EIELSON AIR FORCE BASE, Alaska — I remember five years ago when I started the long process of joining the military. I was nervous, excited and had no idea what to expect when going into the Air Force.
The person who assured me, mentored me and put tons of hours into my career is the reason why I stand behind the lens telling the stories of other Air Force service members – my Air Force recruiter.
I was recently given the opportunity to participate in the Recruiter Assistance Program in my home town of Junction City, Kan. This was the third time I have participated in this permissive temporary duty.
Making sure my dress blue uniform was looking sharp and knowing I would be representing the Air Force to students who may have never dealt with the military before is always a little unnerving. However, the thought that I could be the voice in someone’s ear to encourage them to join “The greatest Air Force in the world” made me want to tell them everything amazing that has happened to me since joining.
I also gave some relief to potential recruits’ parents by answering questions about how the military works.
Visiting high schools, driving from town to town and working until six at night, I got an inside look at what a recruiter actually goes through and it made me respect them more for all the time they put into their job.
Recruiters work a job that entails a lot of time traveling, working long nights and stacks of paperwork making sure potential enlistees are mentally and physically qualified.

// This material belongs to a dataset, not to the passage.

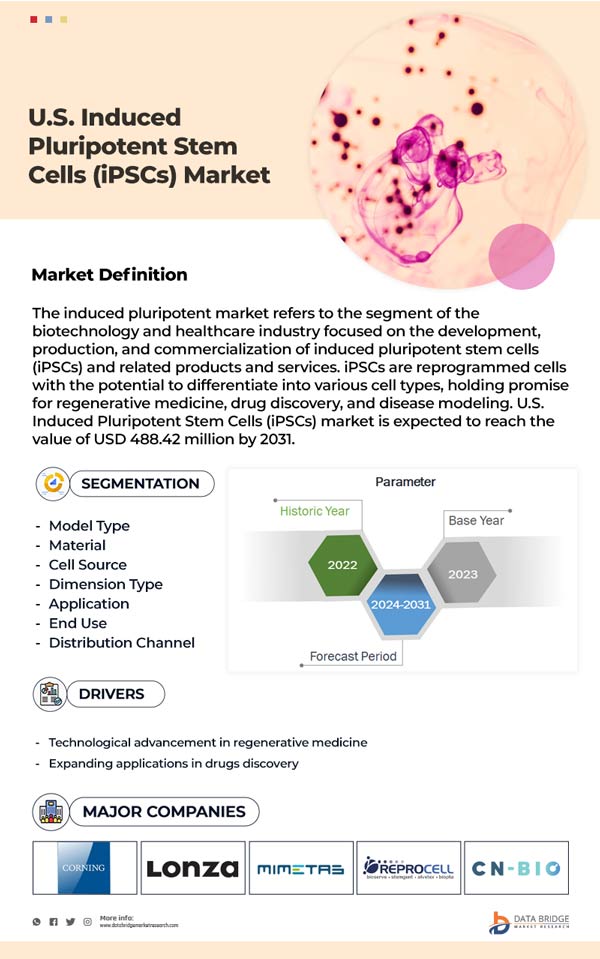 U.S. Induced Pluripotent Stem Cells (iPSCs) Market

Knowing I could relieve even the tiniest amount of work for my recruiter, Tech. Sgt. Kevin Baird, and provide him company during the visits to different schools was also gratifying.
I enjoy participating in RAP because each time I relive my enlistment experience, get to mentor new enlistees and give them advice to prepare them for Basic Military Training.
I also get to see firsthand where the future of the Air Force is headed. The people interested in the Air Force have to be top-notch material and could become my brothers and sisters-in-arms.
Airmen can participate in RAP as often as their supervisors approve their leave, their commanders approve their eligibility and recruiters need assistance.
The Air Force grants up to 12 days of non-chargeable leave, including one weekend, in accordance with AFI 36-3003. RAP is open to Airmen of all ranks interested in participating and having a positive impact on recruiting.
I encourage all Airmen to do RAP after technical school at least one time. Now that you have the knowledge of the operational Air Force, spread that knowledge with potential enlistees and see the hard work the Air Force recruiters are doing to bring in future Airmen.